As for Israel’s own foreign politicking, it consists mainly of government-backed agencies that support local organizations in other countries urging Jewish citizens to emigrate. Some countries, including France and Ukraine, deeply resent this activity, largely because of the way it disparages their way of life and seeks to alienate their citizens. In other countries, such as our own, opposition comes mainly from the local Jewish communities. Full disclosure: My kids attend the same Zionist summer camp that their father and grandfather did. I’m all for it. But let’s call a spade a spade.
Then there are the impossibly Orwellian contradictions in the bill itself. To begin with, some of its fattest targets, like B’Tselem, which monitors alleged human-rights violations in the territories, and the Association for Civil Rights in Israel, Israel’s version of the ACLU, are devoted mostly to exposing and challenging government violations of Israel’s own laws. They do this through the courts and the press. Sometimes these cases are upheld, sometimes not. That’s how democracy works.

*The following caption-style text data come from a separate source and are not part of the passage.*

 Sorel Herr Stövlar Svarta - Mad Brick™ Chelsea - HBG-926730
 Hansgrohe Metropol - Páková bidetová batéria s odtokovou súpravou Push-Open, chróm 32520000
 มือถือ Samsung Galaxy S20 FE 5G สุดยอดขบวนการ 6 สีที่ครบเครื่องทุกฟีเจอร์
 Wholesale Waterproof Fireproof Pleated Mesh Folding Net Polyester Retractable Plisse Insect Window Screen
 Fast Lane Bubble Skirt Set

And how to distinguish the “threatening” NGOs from the “political” or strictly kosher? The threats in the bill include: rejecting Israel’s right to exist, inciting racism, supporting violence against Israel, supporting international indictments of Israeli politicians and soldiers, calling for boycotts of the state or urging Israeli soldiers to disobey orders. NGO Monitor has a list of 23 organizations that would be likely targets. It’s not clear which it regards as “political” and which as threatening.
It’s a slippery exercise. Does opposing Israel’s right to exist include opposing its Jewish character, a key point of contention with the Palestinians? If so, who defines Jewish character? If you keep your tax exemption by favoring Jewish needs over non-Jewish, do you then lose it for inciting racism? What about “supporting” international indictments: Does that include unearthing damaging information that shows up in the indictments, the main charge against some key suspect organizations?

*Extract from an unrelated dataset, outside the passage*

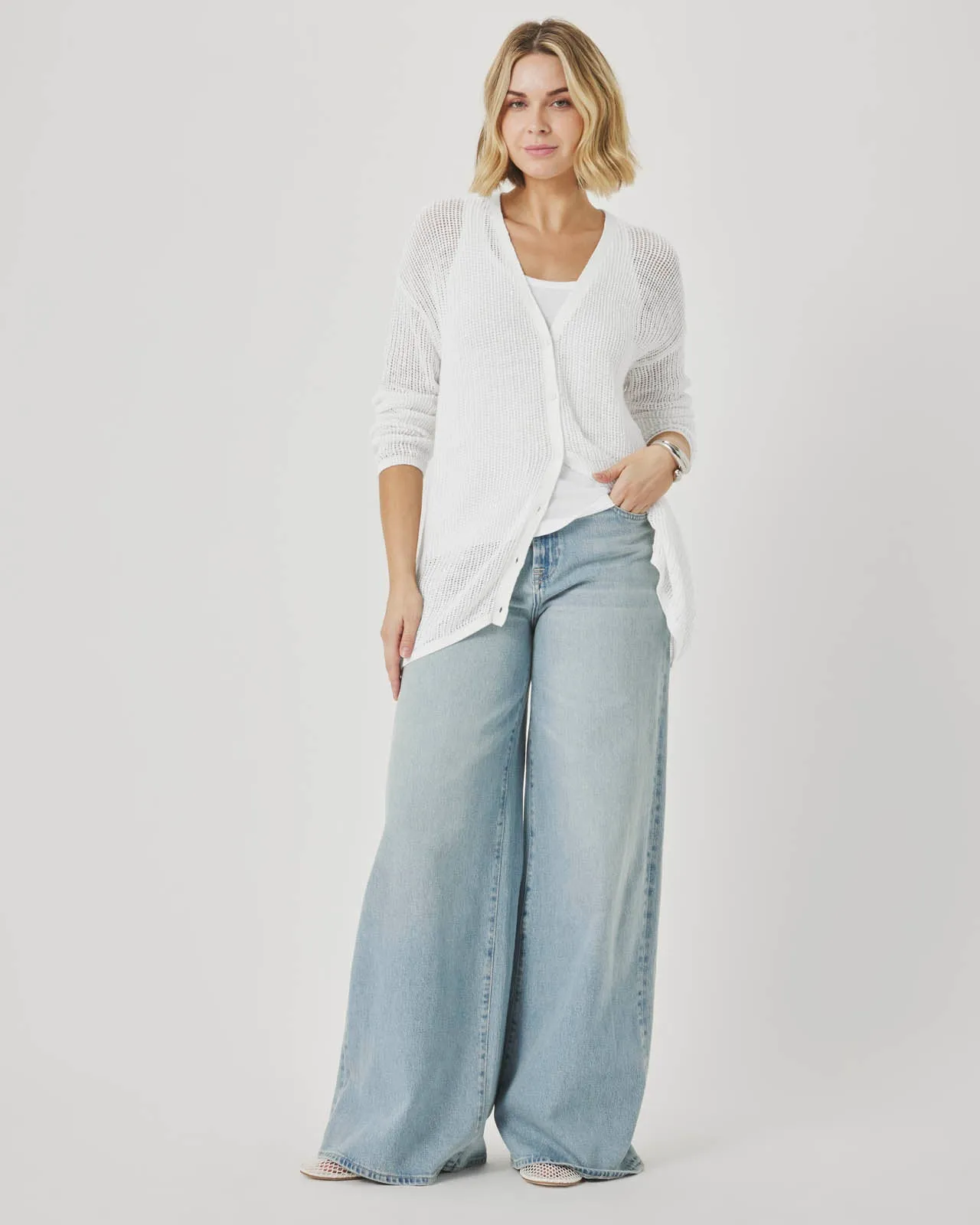 Yasmine Open Cardigan sold by Splendid product image thumbnail 3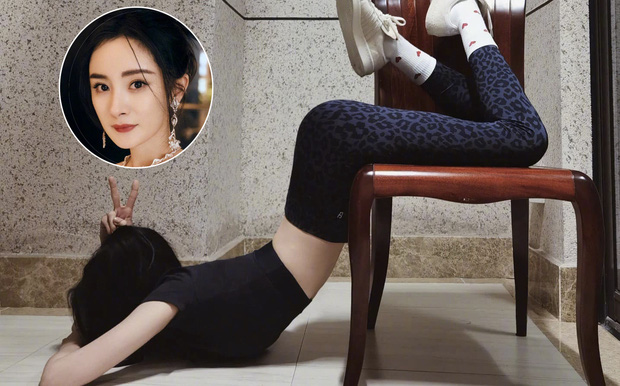 Dương Mịch thực hiện thử thách uốn dẻo Dương Mịch thực hiện thử thách uốn dẻo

And what if you cross the red lines — advocating soldiers’ insubordination, say, or inciting violence against Israeli troops — with the aid of Israeli government funds? What if you’re a rabbi who urges soldiers to refuse orders to evacuate outposts or calls such demolitions acts of treason? Do you lose your tax exemption (or government salary) for such acts? Or only for pointing them out?
The more you look at it, the more it becomes clear that the effect of the bill — its main intent, in fact — is to restrict or outlaw the advocacy of observing the laws of the state. Orwell would have loved it.